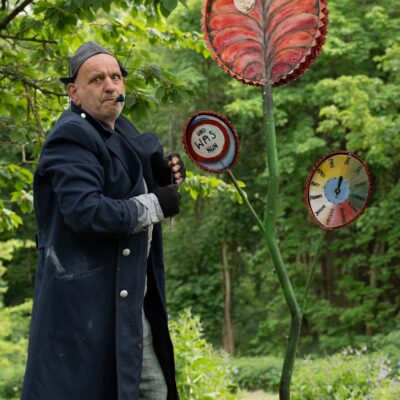 Titelbild "UND WAS NUN – DIE METAMORPHOSEN EINES WIESENKNOPFAMEISENBLÄULING"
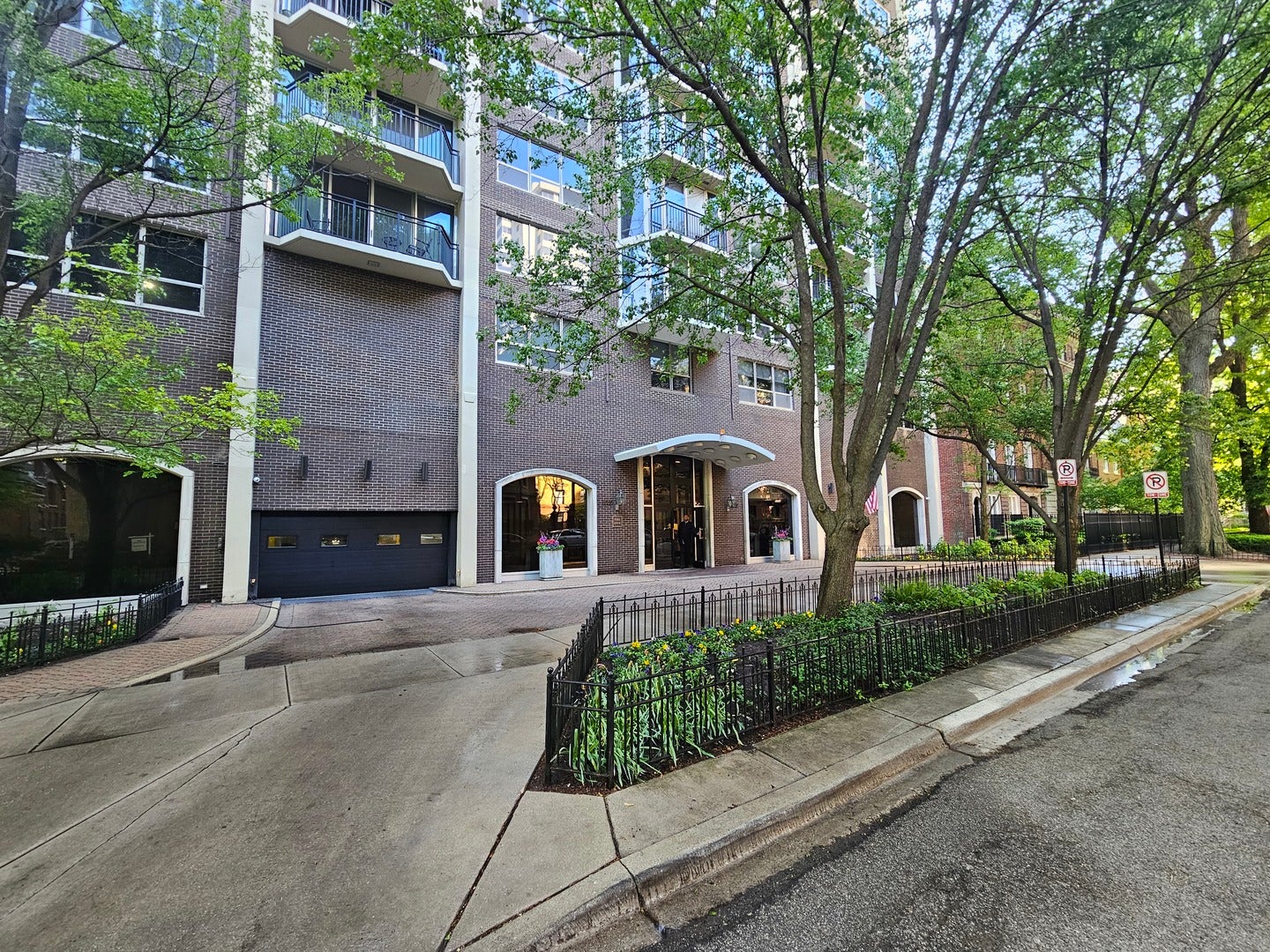 1515 N Astor Street 23BC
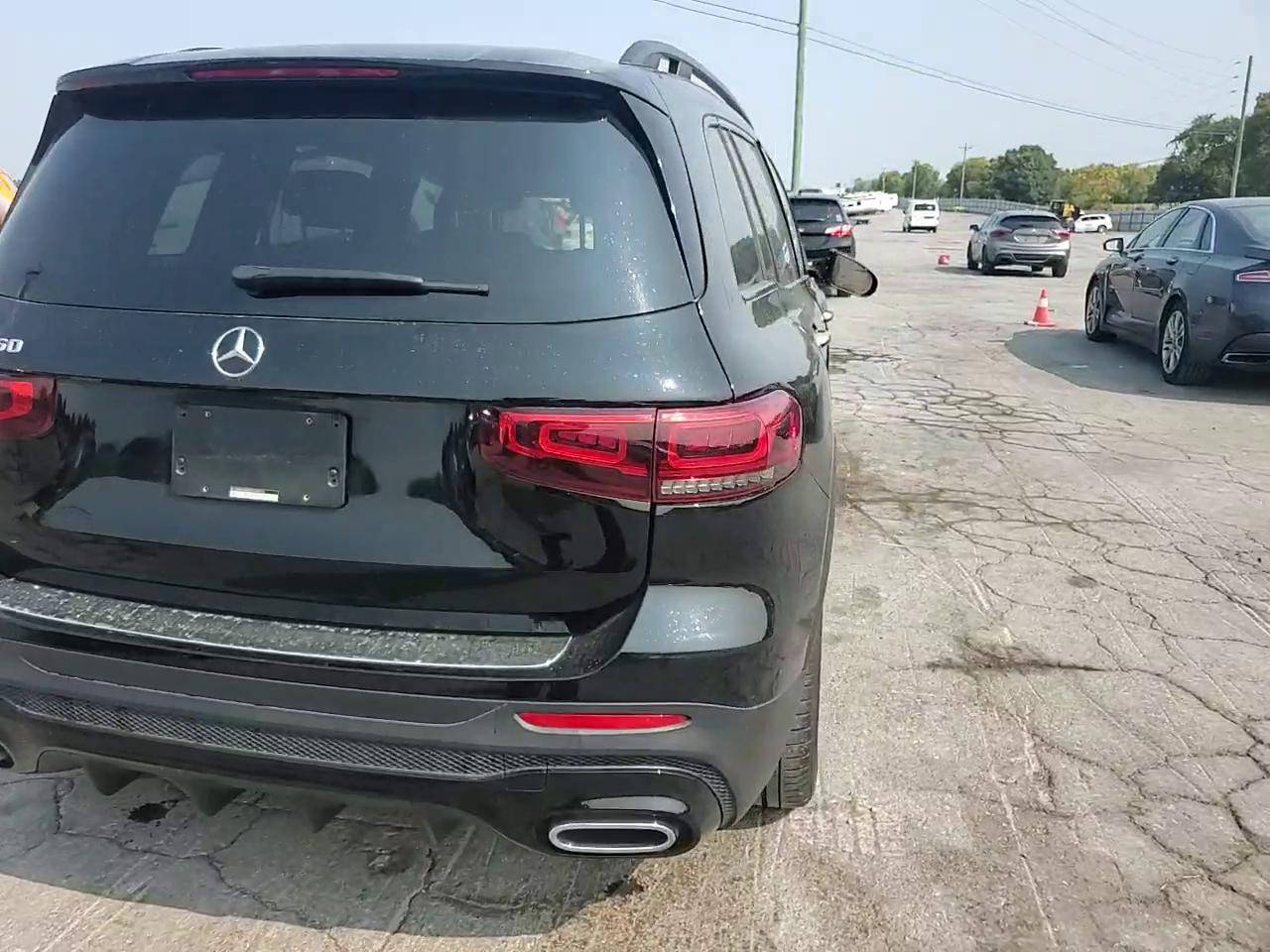 Фото: W1N4M4GBXPW334976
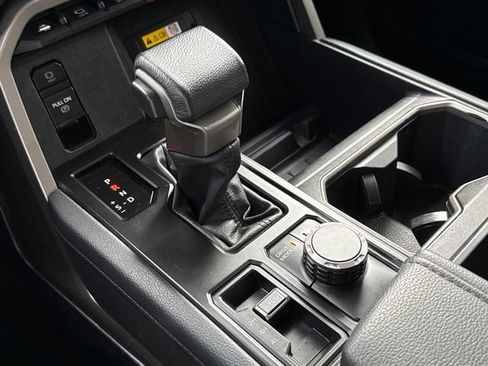 Used 2024 Toyota Tundra Limited AWD/4WD image 27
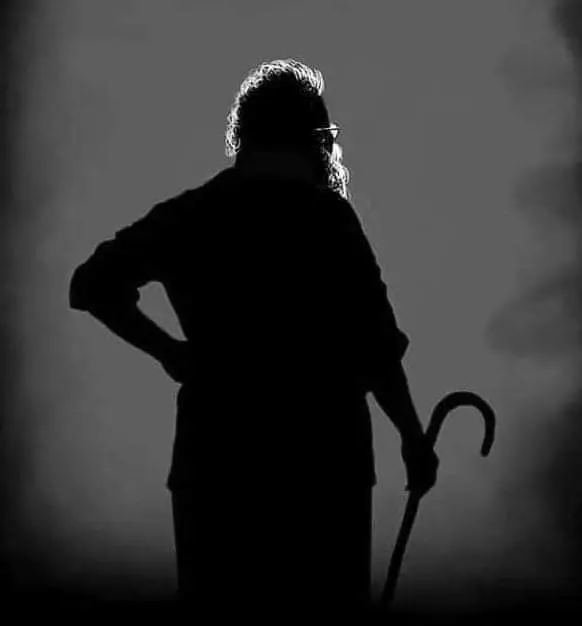 மனிதப் பிறவியில் பெண்கள் இழி பிறவிகள் எனவும், ஆண்களோடு சம உரிமை பெற அறுகதையற்றவர்கள் எனவும் அனைவரும் நடத்தினர்.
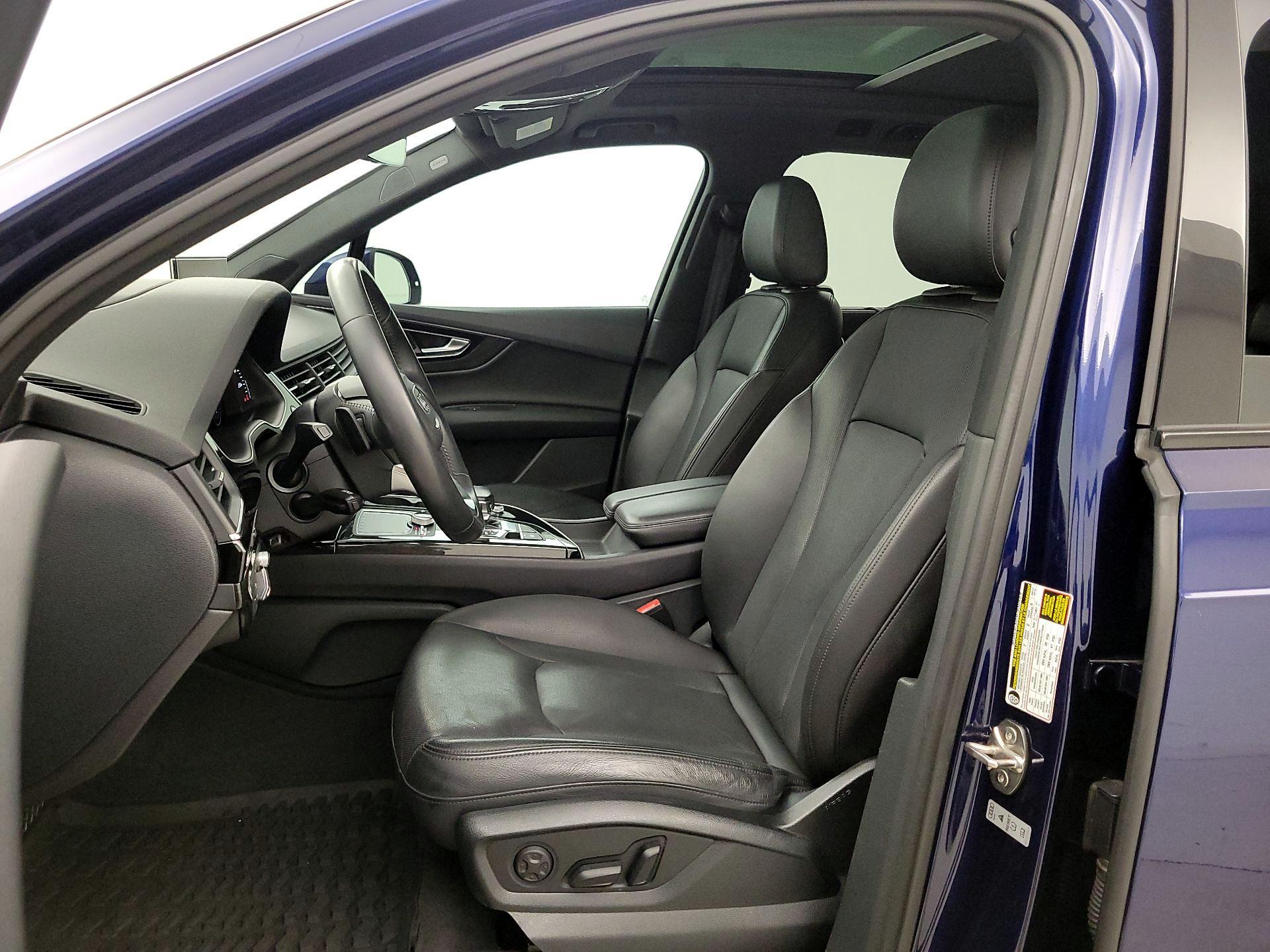 Thumbnail: 2019 Audi Q7 - 11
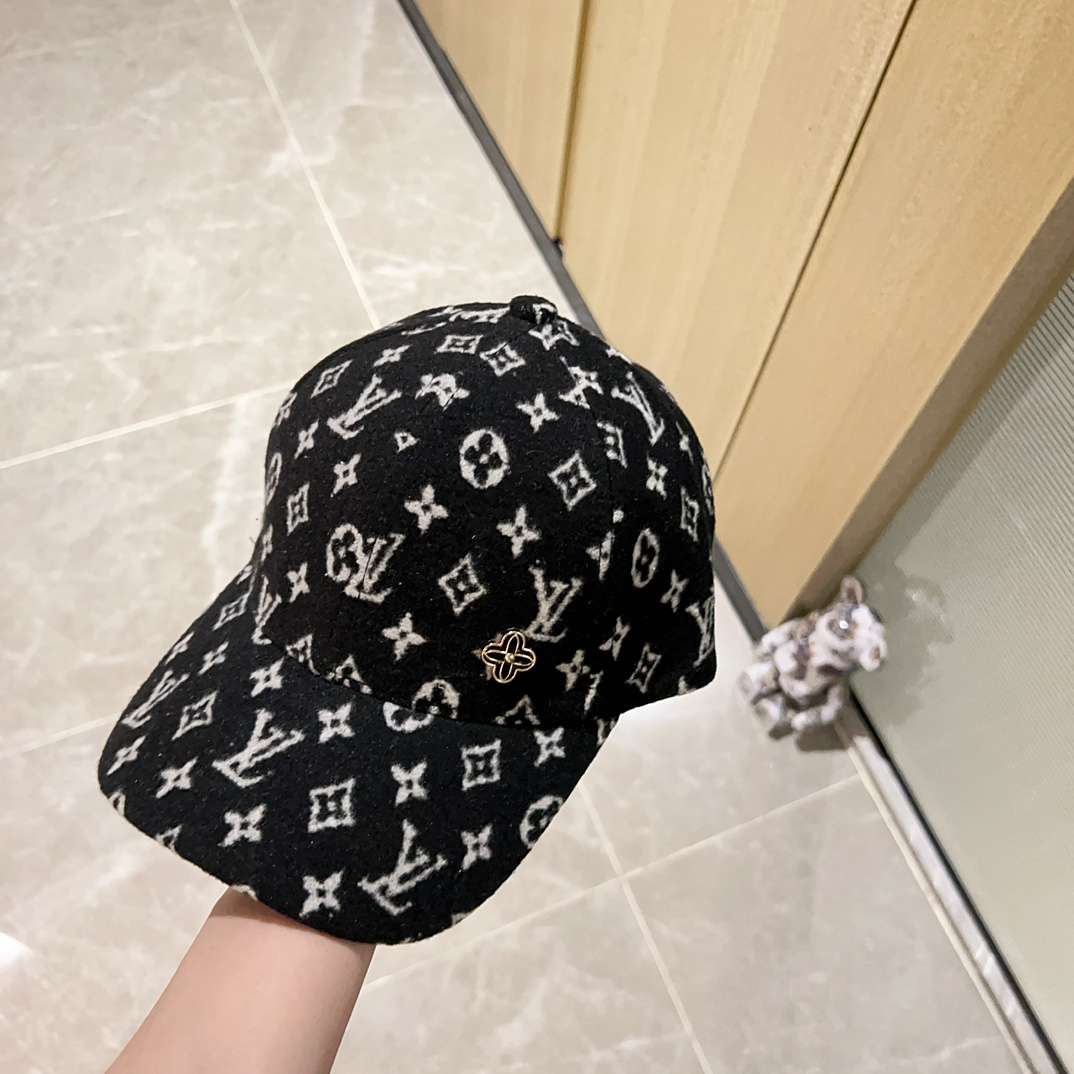 L0vis Vvtt0n Monogram Pattern Cap Black For Women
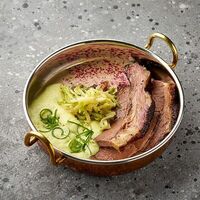 Брискет с картофельным муссом и горчичным соусом в Double Grill & Bar
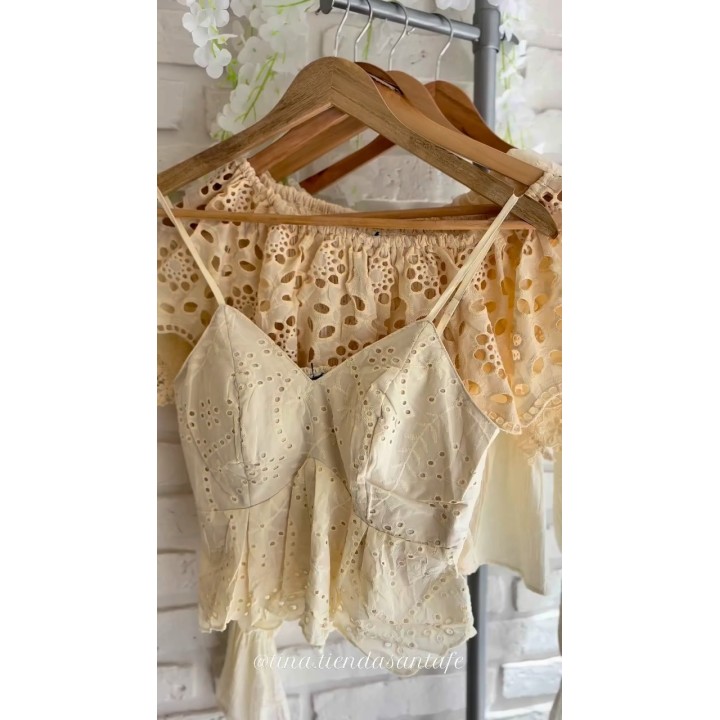Blusas en tonos pastel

____

▶ _Exercise description_
Nothing but the lines from the one containing "மனிதப் பிறவியில் பெண்கள்" through the last line of the listing should be copied, each word for word and without pictures.

▶ _Response to the exercise_
 மனிதப் பிறவியில் பெண்கள் இழி பிறவிகள் எனவும், ஆண்களோடு சம உரிமை பெற அறுகதையற்றவர்கள் எனவும் அனைவரும் நடத்தினர்.
 Thumbnail: 2019 Audi Q7 - 11
 L0vis Vvtt0n Monogram Pattern Cap Black For Women
 Брискет с картофельным муссом и горчичным соусом в Double Grill & Bar
Blusas en tonos pastel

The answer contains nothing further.